Me crié en la calle de A Falperra, en la esquina con la calle Noia, donde viví con mis padres, mis abuelos y mi hermano Álvaro. Estudié en el colegio Oscus de la ronda de Nelle hasta que terminé el bachillerato y allí tuve como compañeras a Yoli, Rosita, Bea, Menchu, Marujita, Marina y Ana, con las que cuales formé una pandilla, aunque también tenía otra de amigos de mi calle de la que formaban parte Jorge Soler, Suso, Serantes, Zelmira, Bea, Alberto, Begoña, Charo, Rafa, Miguel, Loli, Luis y Marisé. Esta última fue mi compañera habitual en todos los juegos en mi infancia y juventud.

Solíamos jugar en la plazuela de la Paz, donde estaba el colegio de Rafael Vidal, a quien no le gustaba que lo hiciéramos allí porque con el ruido molestábamos a los muchos alumnos que tenía, ya que tenía fama de ser muy duro, pero también de buen profesor. Cuando jugábamos en ese lugar, sus estudiantes miraban por las ventanas y no prestaban atención a lo que les decía el profesor. En el barrio había otros tres colegios, El Despertador, Coca y Sualva, todos ellos mixtos y por los que pasaron cientos de niños y niñas de la zona.

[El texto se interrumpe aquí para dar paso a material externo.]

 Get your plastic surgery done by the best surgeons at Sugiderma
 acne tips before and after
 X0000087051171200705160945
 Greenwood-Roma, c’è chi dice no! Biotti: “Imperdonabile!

Como en aquellos años apenas había tráfico, podíamos jugar sin peligro en las calles del barrio, como Vizcaya, Santander, Asturias, Noia y San Vicente, así como en los lavaderos de ropa de A Falperra y A Coiramia, a los que solíamos acudir cuando hacía buen tiempo, ya que eran sitios frescos y con mucha sombra, además de rodeados de campos. A pesar de que ya había agua corriente en las casas, la gente seguía yendo a esas fuentes a cogerla por lo bien que sabía.

También jugábamos frente a la carbonería La Mina, mientras que en las librerías El Caballito Blanco y en la de Aurorita cambiábamos tebeos y comprábamos cromos. En la heladería de Magín comprábamos helados de cucurucho en verano, época en la que solía ir con mi familia a la playa de Riazor, aunque a veces también iba a La Solana con mi amiga Marina. A la playa más lejana a la que iba, tanto con mis padres como con mis amigas, era la de Santa Cristina, en la que nos pasábamos todo el día.

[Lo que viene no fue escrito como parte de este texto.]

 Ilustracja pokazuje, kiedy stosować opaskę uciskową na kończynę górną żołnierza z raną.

Uno de los pasatiempos favoritos de los niños de mi tiempo era ir al cine los domingos, ya que íbamos a las salas de barrio como Doré, Equitativa, Monelos y España. En el último de ellos lo pasábamos fenomenal cuando la película era mala, el sonido estaba mal o se iba la luz, ya que empezábamos a patear y hacer ruido con las butacas de madera y el acomodador y su mujer, que era los encargados del cine, se enfadaban muchísimo. Me acuerdo también de los grandes pirulís de caramelo que se vendían en esa sala, ya que nos duraban toda la película.

De jovencita fui catequista junto con algunas amigas en la nueva iglesia de San Pedro de Mezonzo recién inaugurada. En esa época empezamos a ir a discotecas como El Gran Casino, Rigbabá, Cassely y Chaston. Al terminar el colegio hice prácticas Cruz Roja como dama auxiliar, lo que me permitió trabajar como enfermera, primero en la asociación Aspace, que presidía el abogado Bahamonde, en cuyo despacho también fui secretaria. Después trabajé en el Sanatorio Labaca con el doctor Vega, donde se atendía a todas las monjas de la ciudad.

Al casarme dejé de trabajar, pero cuando mis hijas, Teresa y María, se hicieron mayores, empecé a estudiar hostelería, primero en la Escuela San Javier y luego en el instituto del paseo de los Puentes. Me inicié en esta profesión en Afundación dando clases de cocina para niños y seguí en la Fundación María José Jove, mientras que ahora imparto formación de esta especialidad en la Cámara de Comercio para personas menores de treinta años.